# Module 2: vLLM Baseline Benchmarking

This notebook runs GuideLLM benchmarks against your single-GPU vLLM deployment to establish a performance baseline for ParasolCloud's customer service workload.

## Prerequisites

Before running this notebook:
- Your vLLM InferenceService (`llama-vllm-single`) should be deployed and in `Ready` state
- Grafana dashboard should be configured to monitor vLLM metrics

## Objectives

By the end of this notebook, you'll have:
- Established single-GPU performance baseline
- Measured TTFT, ITL, and throughput at different load levels
- Identified saturation point for single-GPU deployment

## Setup and Configuration

In [None]:
# Install GuideLLM if not already installed
!pip install guidellm -q

In [None]:
import subprocess
import json
import pandas as pd
import matplotlib.pyplot as plt
from pathlib import Path

# Create output directory for results
output_dir = Path("benchmark-results/module-02")
output_dir.mkdir(parents=True, exist_ok=True)

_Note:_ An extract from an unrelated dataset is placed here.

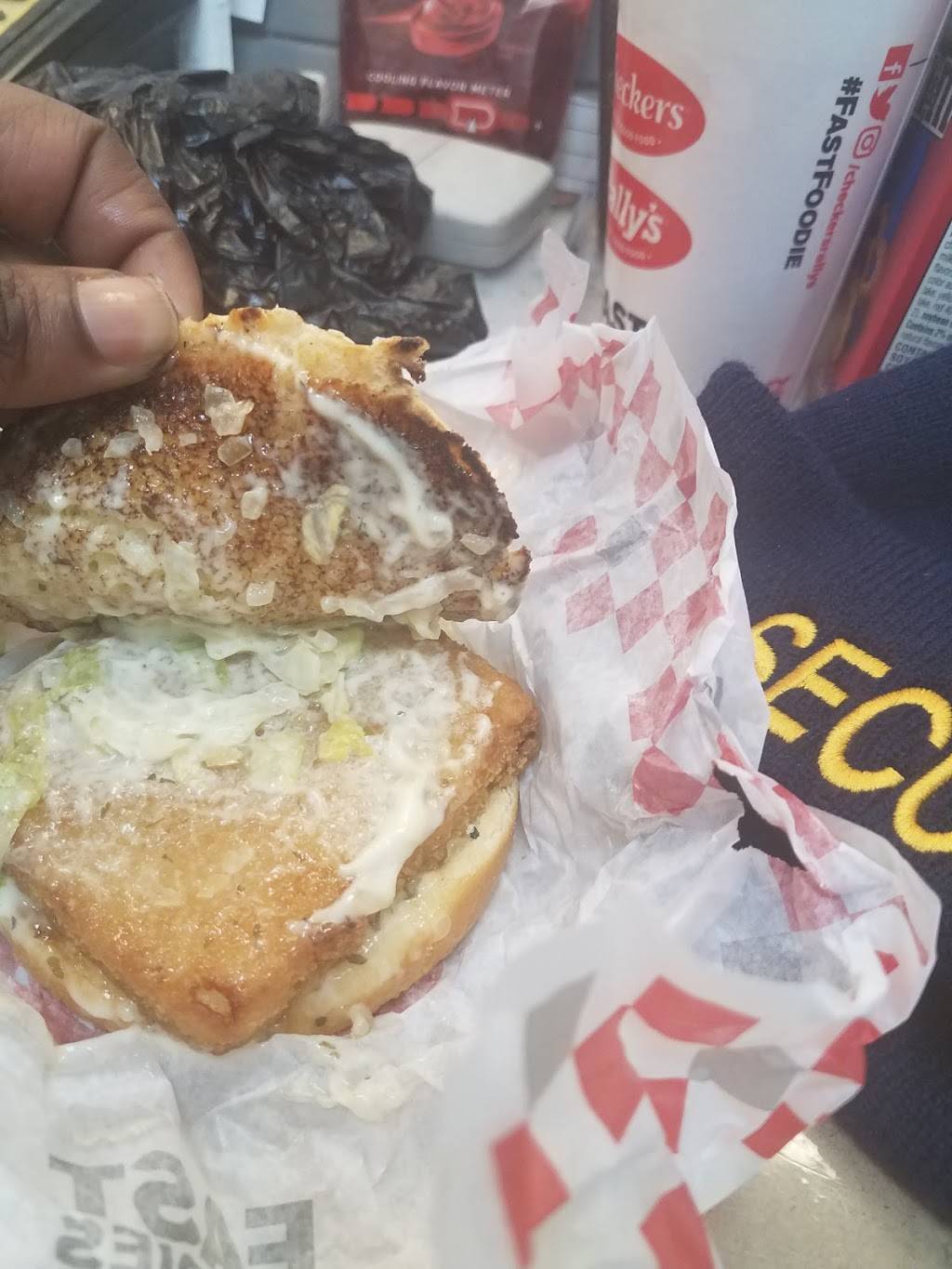 Checkers | restaurant | 15101 Woodward Ave, Highland Park, MI 48203, USA | 3132521930 OR +1 313-252-1930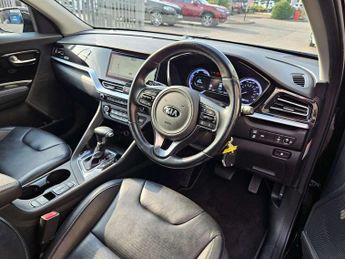 Kia Niro 1.6 GDi Hybrid 3 5dr DCT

print(f"Results will be saved to: {output_dir}")

## Get InferenceService URL

Retrieve the URL for your vLLM deployment:

In [None]:
# Get the inference URL from the InferenceService
result = subprocess.run(
    ["oc", "get", "inferenceservice", "llama-vllm-single", "-o", "jsonpath='{.status.url}'"],
    capture_output=True,
    text=True
)

INFERENCE_URL = result.stdout.strip().strip("'")
print(f"InferenceService URL: {INFERENCE_URL}")

# Verify the service is reachable
if not INFERENCE_URL:
    raise ValueError("Could not retrieve InferenceService URL. Ensure llama-vllm-single is deployed and Ready.")

# Construct the completions endpoint
COMPLETIONS_URL = f"{INFERENCE_URL}/v1/completions"
print(f"Completions endpoint: {COMPLETIONS_URL}")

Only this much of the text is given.